Start of Source material

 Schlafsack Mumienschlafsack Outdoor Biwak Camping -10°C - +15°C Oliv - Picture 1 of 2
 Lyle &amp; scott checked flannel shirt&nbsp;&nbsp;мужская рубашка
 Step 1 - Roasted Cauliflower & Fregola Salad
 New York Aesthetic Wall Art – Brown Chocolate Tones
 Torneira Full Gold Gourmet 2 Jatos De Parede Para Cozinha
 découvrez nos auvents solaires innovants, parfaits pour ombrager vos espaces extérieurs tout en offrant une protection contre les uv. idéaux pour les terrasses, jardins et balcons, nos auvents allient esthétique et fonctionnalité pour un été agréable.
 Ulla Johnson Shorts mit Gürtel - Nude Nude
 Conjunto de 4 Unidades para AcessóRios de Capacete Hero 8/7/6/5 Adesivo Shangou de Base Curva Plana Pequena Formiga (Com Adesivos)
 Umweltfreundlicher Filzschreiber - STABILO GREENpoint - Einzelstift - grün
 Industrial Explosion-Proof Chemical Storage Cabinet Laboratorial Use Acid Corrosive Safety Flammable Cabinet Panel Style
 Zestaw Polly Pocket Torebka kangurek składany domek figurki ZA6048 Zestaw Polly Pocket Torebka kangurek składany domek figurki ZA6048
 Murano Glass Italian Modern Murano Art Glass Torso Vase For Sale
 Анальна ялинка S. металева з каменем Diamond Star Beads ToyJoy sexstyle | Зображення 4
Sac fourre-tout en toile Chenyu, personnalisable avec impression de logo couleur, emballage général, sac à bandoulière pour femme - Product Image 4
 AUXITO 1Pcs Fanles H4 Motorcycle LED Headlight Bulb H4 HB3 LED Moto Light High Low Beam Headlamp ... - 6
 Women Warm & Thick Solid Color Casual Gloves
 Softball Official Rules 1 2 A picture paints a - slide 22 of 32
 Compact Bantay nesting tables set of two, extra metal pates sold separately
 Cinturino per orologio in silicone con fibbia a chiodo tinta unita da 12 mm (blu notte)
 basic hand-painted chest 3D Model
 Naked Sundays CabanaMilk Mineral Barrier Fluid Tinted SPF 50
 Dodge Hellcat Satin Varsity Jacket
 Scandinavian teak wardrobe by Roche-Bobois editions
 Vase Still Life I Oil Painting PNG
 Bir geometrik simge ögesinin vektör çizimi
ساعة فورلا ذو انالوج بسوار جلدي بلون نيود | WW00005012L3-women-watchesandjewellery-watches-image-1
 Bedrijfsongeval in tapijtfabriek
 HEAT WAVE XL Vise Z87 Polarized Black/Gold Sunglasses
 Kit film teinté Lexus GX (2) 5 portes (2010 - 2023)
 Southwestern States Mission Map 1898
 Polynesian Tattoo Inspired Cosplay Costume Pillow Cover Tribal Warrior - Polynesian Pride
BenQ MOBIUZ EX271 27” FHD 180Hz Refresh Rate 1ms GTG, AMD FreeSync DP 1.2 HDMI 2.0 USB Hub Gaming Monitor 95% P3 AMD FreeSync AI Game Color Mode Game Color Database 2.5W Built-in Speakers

End of Source material

**Work instruction:**
Word for word, set down the lines from the beginning of the records through the line that holds "Conjunto de 4". Leave out the rest.

**Expected answer:**
 Schlafsack Mumienschlafsack Outdoor Biwak Camping -10°C - +15°C Oliv - Picture 1 of 2
 Lyle &amp; scott checked flannel shirt&nbsp;&nbsp;мужская рубашка
 Step 1 - Roasted Cauliflower & Fregola Salad
 New York Aesthetic Wall Art – Brown Chocolate Tones
 Torneira Full Gold Gourmet 2 Jatos De Parede Para Cozinha
 découvrez nos auvents solaires innovants, parfaits pour ombrager vos espaces extérieurs tout en offrant une protection contre les uv. idéaux pour les terrasses, jardins et balcons, nos auvents allient esthétique et fonctionnalité pour un été agréable.
 Ulla Johnson Shorts mit Gürtel - Nude Nude
 Conjunto de 4 Unidades para AcessóRios de Capacete Hero 8/7/6/5 Adesivo Shangou de Base Curva Plana Pequena Formiga (Com Adesivos)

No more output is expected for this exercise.